WHAT IS EXPECTED. The answer should contain all of the records below, each one copied word for word.

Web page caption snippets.
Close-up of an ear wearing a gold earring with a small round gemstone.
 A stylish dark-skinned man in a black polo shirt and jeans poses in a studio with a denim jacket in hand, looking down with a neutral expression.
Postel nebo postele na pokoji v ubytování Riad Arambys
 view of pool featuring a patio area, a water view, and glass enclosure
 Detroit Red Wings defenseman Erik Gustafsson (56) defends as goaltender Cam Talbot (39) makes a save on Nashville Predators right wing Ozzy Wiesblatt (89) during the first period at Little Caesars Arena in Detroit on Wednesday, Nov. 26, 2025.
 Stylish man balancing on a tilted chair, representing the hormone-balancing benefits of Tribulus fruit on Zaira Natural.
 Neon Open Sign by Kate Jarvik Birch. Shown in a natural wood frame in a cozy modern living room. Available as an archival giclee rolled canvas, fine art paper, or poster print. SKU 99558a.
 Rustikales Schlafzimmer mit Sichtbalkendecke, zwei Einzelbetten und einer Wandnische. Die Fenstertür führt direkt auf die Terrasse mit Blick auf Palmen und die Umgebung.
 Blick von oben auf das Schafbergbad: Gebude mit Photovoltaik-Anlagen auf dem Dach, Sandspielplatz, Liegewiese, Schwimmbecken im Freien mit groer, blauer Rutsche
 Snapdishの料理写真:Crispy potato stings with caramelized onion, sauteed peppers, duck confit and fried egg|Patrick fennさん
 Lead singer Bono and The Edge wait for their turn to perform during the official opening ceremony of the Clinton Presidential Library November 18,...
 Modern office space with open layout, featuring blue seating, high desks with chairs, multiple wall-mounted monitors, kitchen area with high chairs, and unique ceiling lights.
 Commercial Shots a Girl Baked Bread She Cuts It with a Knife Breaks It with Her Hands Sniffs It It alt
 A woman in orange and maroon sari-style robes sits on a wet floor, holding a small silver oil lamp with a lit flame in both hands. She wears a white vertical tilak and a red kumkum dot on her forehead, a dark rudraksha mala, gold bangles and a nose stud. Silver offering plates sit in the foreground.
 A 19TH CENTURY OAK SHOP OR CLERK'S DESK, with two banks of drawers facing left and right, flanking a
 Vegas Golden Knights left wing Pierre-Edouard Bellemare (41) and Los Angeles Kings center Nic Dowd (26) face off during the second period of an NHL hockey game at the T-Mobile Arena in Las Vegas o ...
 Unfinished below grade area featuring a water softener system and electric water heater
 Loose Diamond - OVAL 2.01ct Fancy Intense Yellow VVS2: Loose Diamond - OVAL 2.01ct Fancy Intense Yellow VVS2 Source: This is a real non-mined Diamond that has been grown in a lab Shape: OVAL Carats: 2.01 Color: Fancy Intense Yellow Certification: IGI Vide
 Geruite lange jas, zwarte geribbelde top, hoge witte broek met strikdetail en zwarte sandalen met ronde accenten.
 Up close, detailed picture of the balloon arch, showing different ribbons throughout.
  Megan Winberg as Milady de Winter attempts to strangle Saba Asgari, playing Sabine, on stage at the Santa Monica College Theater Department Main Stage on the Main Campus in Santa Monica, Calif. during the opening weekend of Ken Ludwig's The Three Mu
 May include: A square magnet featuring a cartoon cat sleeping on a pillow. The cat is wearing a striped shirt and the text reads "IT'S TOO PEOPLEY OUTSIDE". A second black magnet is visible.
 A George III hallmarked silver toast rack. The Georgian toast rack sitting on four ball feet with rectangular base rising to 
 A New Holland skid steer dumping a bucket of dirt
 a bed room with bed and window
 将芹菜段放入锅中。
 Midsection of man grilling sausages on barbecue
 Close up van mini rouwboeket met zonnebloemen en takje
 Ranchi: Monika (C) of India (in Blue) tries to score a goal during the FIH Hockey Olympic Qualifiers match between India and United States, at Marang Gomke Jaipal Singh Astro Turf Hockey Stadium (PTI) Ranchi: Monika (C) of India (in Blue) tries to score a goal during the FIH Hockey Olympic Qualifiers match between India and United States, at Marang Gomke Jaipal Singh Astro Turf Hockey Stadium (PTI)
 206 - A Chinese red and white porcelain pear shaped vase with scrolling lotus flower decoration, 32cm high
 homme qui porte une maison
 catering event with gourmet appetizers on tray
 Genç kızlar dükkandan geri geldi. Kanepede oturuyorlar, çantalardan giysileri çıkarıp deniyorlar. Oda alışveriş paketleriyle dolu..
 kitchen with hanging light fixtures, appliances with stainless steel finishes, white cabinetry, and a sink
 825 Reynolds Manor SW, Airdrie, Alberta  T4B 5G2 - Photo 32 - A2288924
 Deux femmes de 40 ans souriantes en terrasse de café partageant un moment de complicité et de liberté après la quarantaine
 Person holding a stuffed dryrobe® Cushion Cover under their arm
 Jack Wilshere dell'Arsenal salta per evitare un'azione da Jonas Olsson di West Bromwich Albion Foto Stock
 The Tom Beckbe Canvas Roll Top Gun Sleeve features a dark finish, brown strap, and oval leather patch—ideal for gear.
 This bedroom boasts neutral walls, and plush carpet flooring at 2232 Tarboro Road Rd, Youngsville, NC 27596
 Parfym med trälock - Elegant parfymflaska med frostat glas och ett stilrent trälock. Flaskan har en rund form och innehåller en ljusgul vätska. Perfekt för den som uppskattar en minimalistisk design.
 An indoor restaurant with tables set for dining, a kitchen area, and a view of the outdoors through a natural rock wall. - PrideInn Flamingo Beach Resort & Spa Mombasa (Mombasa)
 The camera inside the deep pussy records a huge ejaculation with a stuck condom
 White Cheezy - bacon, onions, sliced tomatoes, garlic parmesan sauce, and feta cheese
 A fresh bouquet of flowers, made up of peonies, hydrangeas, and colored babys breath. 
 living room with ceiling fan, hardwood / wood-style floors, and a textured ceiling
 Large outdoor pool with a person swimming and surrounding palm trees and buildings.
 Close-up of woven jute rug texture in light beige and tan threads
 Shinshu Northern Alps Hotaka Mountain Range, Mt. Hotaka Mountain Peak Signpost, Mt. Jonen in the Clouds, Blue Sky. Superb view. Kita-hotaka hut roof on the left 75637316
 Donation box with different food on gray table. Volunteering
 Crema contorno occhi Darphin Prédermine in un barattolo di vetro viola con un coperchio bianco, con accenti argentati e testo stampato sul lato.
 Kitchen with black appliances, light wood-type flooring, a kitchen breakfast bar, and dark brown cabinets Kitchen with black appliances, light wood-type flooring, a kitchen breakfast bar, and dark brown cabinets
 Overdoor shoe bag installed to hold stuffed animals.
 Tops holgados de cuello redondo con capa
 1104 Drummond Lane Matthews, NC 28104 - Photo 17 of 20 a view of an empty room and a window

COMPLETED EXERCISE.
Close-up of an ear wearing a gold earring with a small round gemstone.
 A stylish dark-skinned man in a black polo shirt and jeans poses in a studio with a denim jacket in hand, looking down with a neutral expression.
Postel nebo postele na pokoji v ubytování Riad Arambys
 view of pool featuring a patio area, a water view, and glass enclosure
 Detroit Red Wings defenseman Erik Gustafsson (56) defends as goaltender Cam Talbot (39) makes a save on Nashville Predators right wing Ozzy Wiesblatt (89) during the first period at Little Caesars Arena in Detroit on Wednesday, Nov. 26, 2025.
 Stylish man balancing on a tilted chair, representing the hormone-balancing benefits of Tribulus fruit on Zaira Natural.
 Neon Open Sign by Kate Jarvik Birch. Shown in a natural wood frame in a cozy modern living room. Available as an archival giclee rolled canvas, fine art paper, or poster print. SKU 99558a.
 Rustikales Schlafzimmer mit Sichtbalkendecke, zwei Einzelbetten und einer Wandnische. Die Fenstertür führt direkt auf die Terrasse mit Blick auf Palmen und die Umgebung.
 Blick von oben auf das Schafbergbad: Gebude mit Photovoltaik-Anlagen auf dem Dach, Sandspielplatz, Liegewiese, Schwimmbecken im Freien mit groer, blauer Rutsche
 Snapdishの料理写真:Crispy potato stings with caramelized onion, sauteed peppers, duck confit and fried egg|Patrick fennさん
 Lead singer Bono and The Edge wait for their turn to perform during the official opening ceremony of the Clinton Presidential Library November 18,...
 Modern office space with open layout, featuring blue seating, high desks with chairs, multiple wall-mounted monitors, kitchen area with high chairs, and unique ceiling lights.
 Commercial Shots a Girl Baked Bread She Cuts It with a Knife Breaks It with Her Hands Sniffs It It alt
 A woman in orange and maroon sari-style robes sits on a wet floor, holding a small silver oil lamp with a lit flame in both hands. She wears a white vertical tilak and a red kumkum dot on her forehead, a dark rudraksha mala, gold bangles and a nose stud. Silver offering plates sit in the foreground.
 A 19TH CENTURY OAK SHOP OR CLERK'S DESK, with two banks of drawers facing left and right, flanking a
 Vegas Golden Knights left wing Pierre-Edouard Bellemare (41) and Los Angeles Kings center Nic Dowd (26) face off during the second period of an NHL hockey game at the T-Mobile Arena in Las Vegas o ...
 Unfinished below grade area featuring a water softener system and electric water heater
 Loose Diamond - OVAL 2.01ct Fancy Intense Yellow VVS2: Loose Diamond - OVAL 2.01ct Fancy Intense Yellow VVS2 Source: This is a real non-mined Diamond that has been grown in a lab Shape: OVAL Carats: 2.01 Color: Fancy Intense Yellow Certification: IGI Vide
 Geruite lange jas, zwarte geribbelde top, hoge witte broek met strikdetail en zwarte sandalen met ronde accenten.
 Up close, detailed picture of the balloon arch, showing different ribbons throughout.
  Megan Winberg as Milady de Winter attempts to strangle Saba Asgari, playing Sabine, on stage at the Santa Monica College Theater Department Main Stage on the Main Campus in Santa Monica, Calif. during the opening weekend of Ken Ludwig's The Three Mu
 May include: A square magnet featuring a cartoon cat sleeping on a pillow. The cat is wearing a striped shirt and the text reads "IT'S TOO PEOPLEY OUTSIDE". A second black magnet is visible.
 A George III hallmarked silver toast rack. The Georgian toast rack sitting on four ball feet with rectangular base rising to 
 A New Holland skid steer dumping a bucket of dirt
 a bed room with bed and window
 将芹菜段放入锅中。
 Midsection of man grilling sausages on barbecue
 Close up van mini rouwboeket met zonnebloemen en takje
 Ranchi: Monika (C) of India (in Blue) tries to score a goal during the FIH Hockey Olympic Qualifiers match between India and United States, at Marang Gomke Jaipal Singh Astro Turf Hockey Stadium (PTI) Ranchi: Monika (C) of India (in Blue) tries to score a goal during the FIH Hockey Olympic Qualifiers match between India and United States, at Marang Gomke Jaipal Singh Astro Turf Hockey Stadium (PTI)
 206 - A Chinese red and white porcelain pear shaped vase with scrolling lotus flower decoration, 32cm high
 homme qui porte une maison
 catering event with gourmet appetizers on tray
 Genç kızlar dükkandan geri geldi. Kanepede oturuyorlar, çantalardan giysileri çıkarıp deniyorlar. Oda alışveriş paketleriyle dolu..
 kitchen with hanging light fixtures, appliances with stainless steel finishes, white cabinetry, and a sink
 825 Reynolds Manor SW, Airdrie, Alberta  T4B 5G2 - Photo 32 - A2288924
 Deux femmes de 40 ans souriantes en terrasse de café partageant un moment de complicité et de liberté après la quarantaine
 Person holding a stuffed dryrobe® Cushion Cover under their arm
 Jack Wilshere dell'Arsenal salta per evitare un'azione da Jonas Olsson di West Bromwich Albion Foto Stock
 The Tom Beckbe Canvas Roll Top Gun Sleeve features a dark finish, brown strap, and oval leather patch—ideal for gear.
 This bedroom boasts neutral walls, and plush carpet flooring at 2232 Tarboro Road Rd, Youngsville, NC 27596
 Parfym med trälock - Elegant parfymflaska med frostat glas och ett stilrent trälock. Flaskan har en rund form och innehåller en ljusgul vätska. Perfekt för den som uppskattar en minimalistisk design.
 An indoor restaurant with tables set for dining, a kitchen area, and a view of the outdoors through a natural rock wall. - PrideInn Flamingo Beach Resort & Spa Mombasa (Mombasa)
 The camera inside the deep pussy records a huge ejaculation with a stuck condom
 White Cheezy - bacon, onions, sliced tomatoes, garlic parmesan sauce, and feta cheese
 A fresh bouquet of flowers, made up of peonies, hydrangeas, and colored babys breath. 
 living room with ceiling fan, hardwood / wood-style floors, and a textured ceiling
 Large outdoor pool with a person swimming and surrounding palm trees and buildings.
 Close-up of woven jute rug texture in light beige and tan threads
 Shinshu Northern Alps Hotaka Mountain Range, Mt. Hotaka Mountain Peak Signpost, Mt. Jonen in the Clouds, Blue Sky. Superb view. Kita-hotaka hut roof on the left 75637316
 Donation box with different food on gray table. Volunteering
 Crema contorno occhi Darphin Prédermine in un barattolo di vetro viola con un coperchio bianco, con accenti argentati e testo stampato sul lato.
 Kitchen with black appliances, light wood-type flooring, a kitchen breakfast bar, and dark brown cabinets Kitchen with black appliances, light wood-type flooring, a kitchen breakfast bar, and dark brown cabinets
 Overdoor shoe bag installed to hold stuffed animals.
 Tops holgados de cuello redondo con capa
 1104 Drummond Lane Matthews, NC 28104 - Photo 17 of 20 a view of an empty room and a window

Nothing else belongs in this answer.